血と骨

 (fri)No.126 - ロイ飯田の怠惰な考察で怖いものの話が。昔言われていた「地震・雷・火事・親父」というやつ。個人的に一番直撃したくないのは雷で、その次に火事、地震、親父の順かな。焼死体になることに抵抗感があるほうなので。ただし地震は火事を連れてくるから用心用心。おいらの場合もやはり親父は後にくるが、もっと昔の時代の親父には洒落にならない怖いのもいたようだ。もうすぐ上映される血と骨は、どうやらそういうえげつなく怖い親父の話。舞台は大阪・鶴橋。作家の宮崎学氏は次のように評している。
http://miyazakimanabu.com/archive/2004/10/20041028chitohone.htm

絶望的な貧困と、露骨で重層的な差別の中におかれた場合、人は「何」をもって生きることができるのか。いや、その場合、人は「生」への欲求を「何」を通じて燃焼し続けることができるのか。この根源的な問いに対する冷ややかな回答として、この映画はある。

 この問いに対し、主人公の父・金俊平は、「力」によって生をまっとうしようとした。「力」とは、文字通り暴力でありカネである。この「力」を追い続けることが、生きる証しだと考えたのだ。

良くも悪くも安穏と生きてきたおいらなどには想像も及ばない世界である。しかし宮崎氏がこの映画を観て思い出す両親の記憶もまた凄まじい。思わず言葉を失ってしまうのである。

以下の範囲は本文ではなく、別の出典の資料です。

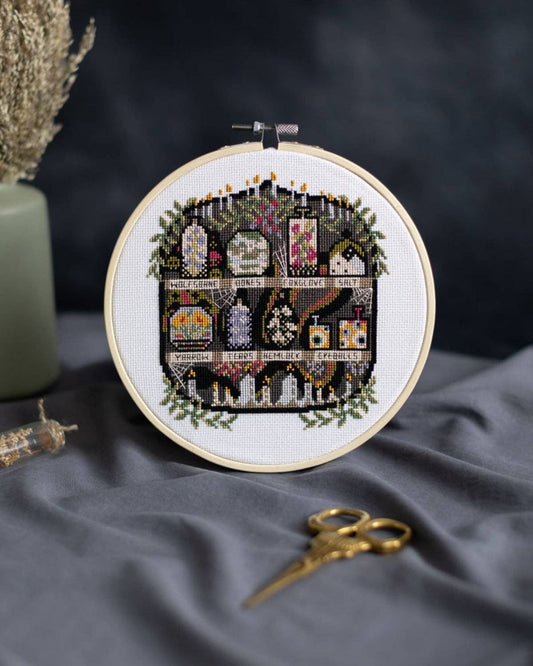The Apothecary Cross Stitch Kit by Innocent Bones. Embroidery hoop with decorative cross-stitch design on a dark fabric background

私の母の額には大きな傷があった。十七歳で嫁いだ母が、婚礼の翌朝に朝食の作り方が悪いと父に下駄で殴り飛ばされた傷である。些細なことで腹を蹴られ肋骨を折ったこともある。母は治療する間もなく建設現場で重労働に従事したため、骨が変形してしまっていた。在日朝鮮人であろうと日本人であろうと、社会の底辺で生きざるを得なかった者たちの宿命は過酷であった。

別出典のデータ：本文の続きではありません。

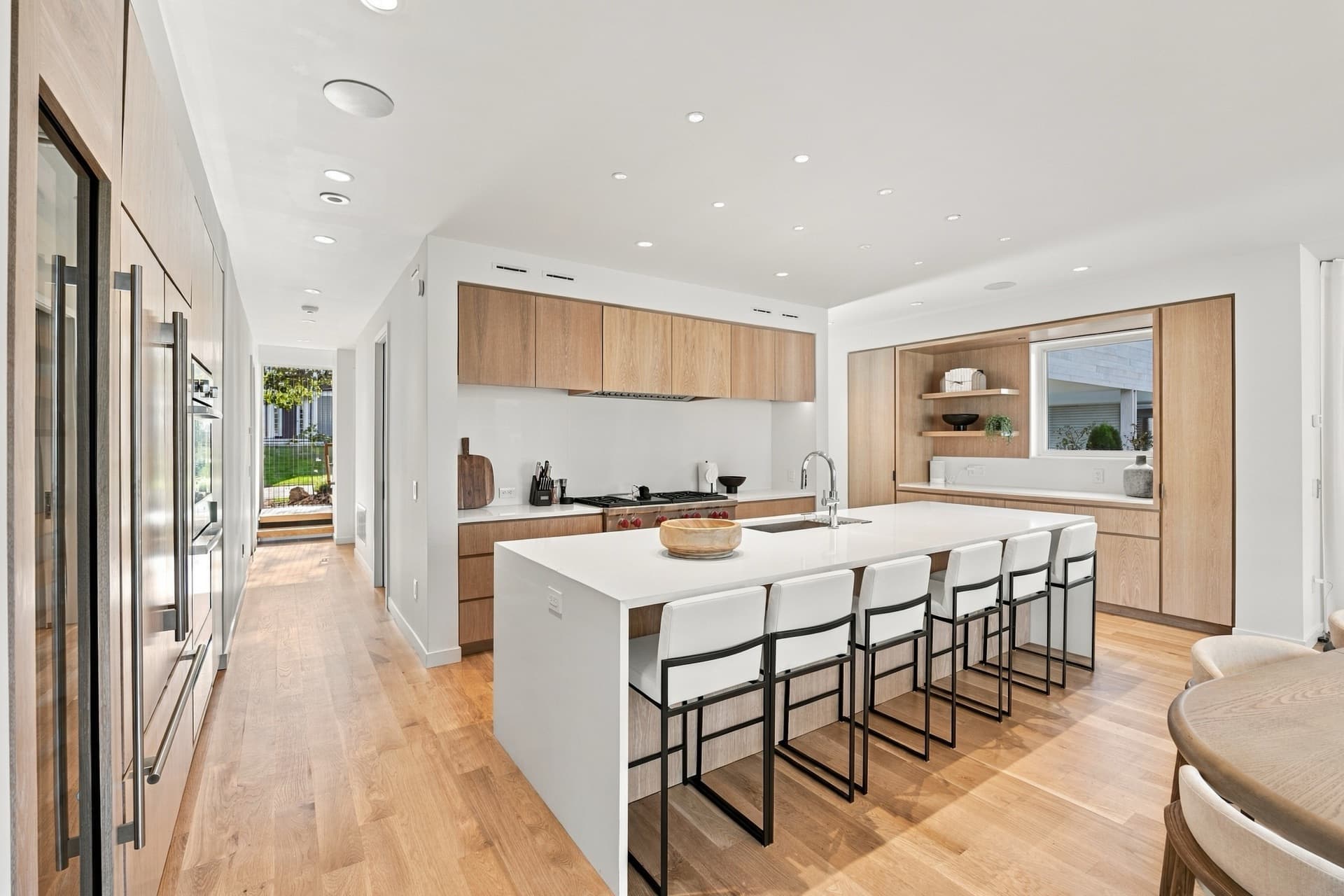 Kitchen with a clear white island and bar stools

現在の日本社会は、再び豊かな層と貧しい層に二極分化していく方向にあると言われている。一億総中流と呼ばれた半社会主義的とすら言っていいような時代が完全に過去のものとなり、貧富の差の拡大によって、脱出の難しい貧困層が生ずれば、不条理な苦しみを生きねばならない人々がまた増えてしまうのではないだろうか。その時に、国や法律が人権を守るための手立てを取るだろうか?非常に疑わしく思う次第。